Family, Funny Links, Love, Uncategorized

Champis, The Sheep Herding Rabbit, And Maudie Nicholls

The best part of this little video may be the utterly useless Border Collie, who I think might be stuffed.

I first “met” Champis the Sheepherding Rabbit over a decade ago, online.  What can I say?  People send me these sorts of things all the time.  I pass them on whenever I can.

The audio track is of Flanagan and Allen singing a jolly song from my childhood. I’m sure it would never make it into the nursery today. Far too many carnivorous references and much too much violent imagery. But non-reformed modern kids still seem to love it, and chortle with glee when they sing it.

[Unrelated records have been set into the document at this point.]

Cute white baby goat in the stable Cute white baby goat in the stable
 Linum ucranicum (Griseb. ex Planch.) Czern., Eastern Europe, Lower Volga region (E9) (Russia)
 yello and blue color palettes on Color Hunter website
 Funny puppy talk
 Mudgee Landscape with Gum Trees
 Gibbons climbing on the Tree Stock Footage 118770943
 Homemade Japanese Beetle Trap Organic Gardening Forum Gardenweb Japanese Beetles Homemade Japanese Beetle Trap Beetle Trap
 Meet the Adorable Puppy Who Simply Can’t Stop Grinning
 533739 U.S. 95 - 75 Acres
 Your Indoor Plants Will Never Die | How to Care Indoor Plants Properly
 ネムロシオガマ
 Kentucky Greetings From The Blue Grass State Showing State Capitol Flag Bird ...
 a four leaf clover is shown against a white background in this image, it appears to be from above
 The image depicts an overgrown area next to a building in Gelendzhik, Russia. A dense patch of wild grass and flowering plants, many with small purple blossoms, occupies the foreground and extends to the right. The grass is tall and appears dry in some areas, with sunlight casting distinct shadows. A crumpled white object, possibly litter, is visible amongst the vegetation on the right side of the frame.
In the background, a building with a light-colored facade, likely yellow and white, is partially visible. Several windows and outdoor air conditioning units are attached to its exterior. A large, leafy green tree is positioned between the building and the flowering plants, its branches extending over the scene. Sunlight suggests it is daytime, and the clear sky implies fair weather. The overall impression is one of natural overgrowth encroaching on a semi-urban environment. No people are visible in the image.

I first learned “Run Rabbit, Run” at Maudie Nicholls’ knee.  She was my great grandmother’s maid of all trades, and she showed me how to knit, and how to sew, and that it was possible to love children and exercise a lifetime of beneficent influence over them, without ever actually having had any yourself. (Sister Mary Janet Ryan, call your office. Likewise, Auntie Pat.)

Maudie was a tiny person, less than five feet tall, who functioned as kitchen maid, lady’s maid, house maid, and gardener to my great grandmother’s family on my mother’s side. She was an ageless, agile, bundle of energy who never complained at what must have been a dull and hard life, and for me, she was the bright spot on the obligatory visits to my Dickensian Great Granny, who could have given both Miss Havisham and Mme DeFarge a run for their money any day of the week.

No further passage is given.